Is the empty graph connected? Is the empty graph always connected ? I've looked through some sources (for example Diestels "Graph theory") and this special case seems to be ommited. What is the general opinion for this case ?
As I could gather from reading Diestel Graph theory, the disconnected graphs and the trivial graph (meaning the one with just one vertex) are 0-connected. But the trivial graph is connected, since there always is a path from that node to itself. So isn't the terminology a bit misleading ? Because one could take "0-connected" to mean "disconnected", but in the case of the trivial graph this doesn't hold anymore, which seems to me to be - at the level of terminology - unaesthetic.
 A: For some authors, empty graphs and null graphs are different concepts. The null graph is the graph without nodes, while an empty graph is a graph without edges. An empty graph of two vertices is not connected.
Regarding the null graph, it of course depends on the definition of connectivity. If a graph is connected if any two vertices can be connected by a path, then the null graph is connected.
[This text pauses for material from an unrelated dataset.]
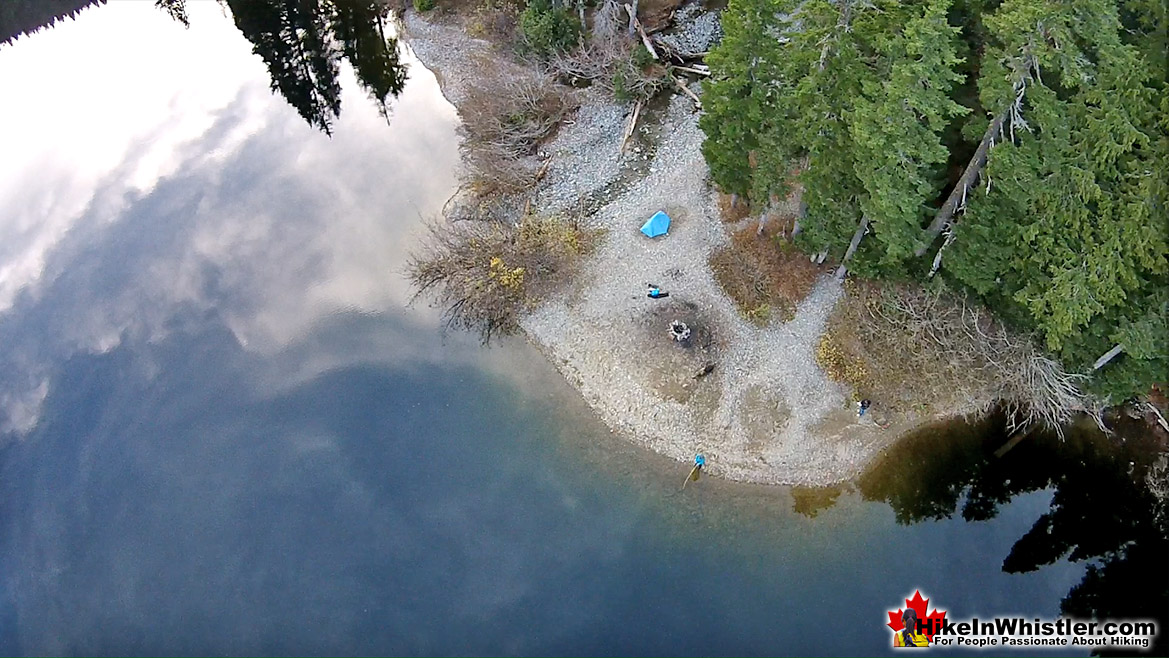 Madeley Lake Tent Aerial View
A: My opinion is that the empty graph ought to be regarded as disconnected, in the same way that $1$ ought to be regarded as not prime. The reason is that every graph should have a unique "prime factorization" into a disjoint union of connected graphs, and this theorem is false if you allow the empty graph to be connected.
The fact that the standard definition ("any two vertices can be connected by a path") is vacuously true for the empty graph is misleading. This is a phenomenon known on the nLab as too simple to be simple and it is caused by using definitions which don't work well for empty objects. Here is a better definition:

A graph is connected if it has exactly one connected component.

Recall that a connected component is an equivalence class under the equivalence relation generated by the relation of adjacency; in particular I do not need to define the word "connected" to define what a connected component is. The empty graph has zero, rather than one, connected components.
A: A graph is connected if for all $x, y \in V(G)$ there exists a path from $x$ to $y$ using edges in $E(G)$. The null graph satisfies that criteria so it is connected. The term disconnected is the negation of connected; that is, there exists an $x, y \in V(G)$ for which there is no path from $x$ to $y$ using edges in $E(G)$. It is impossible to find such an $x$ and $y$ because the set is empty, therefore, the null graph cannot be disconnected. 
We aren't allowed to change the standard definition to "A graph is connected if it has exactly one connected component". Moreover, it makes no sense to define "connected" using the term "connected component" because in order to talk about a connected component you'd already have to know what connected meant (as well as the term "component").
On a personal level, the definition of graph that I learned did not allow for the null graph. A graph consisted of a nonempty set V of vertices together with a (possibly empty) set of edges, E. It would seem prudent to define "graph" this way to keep the null graph from existing.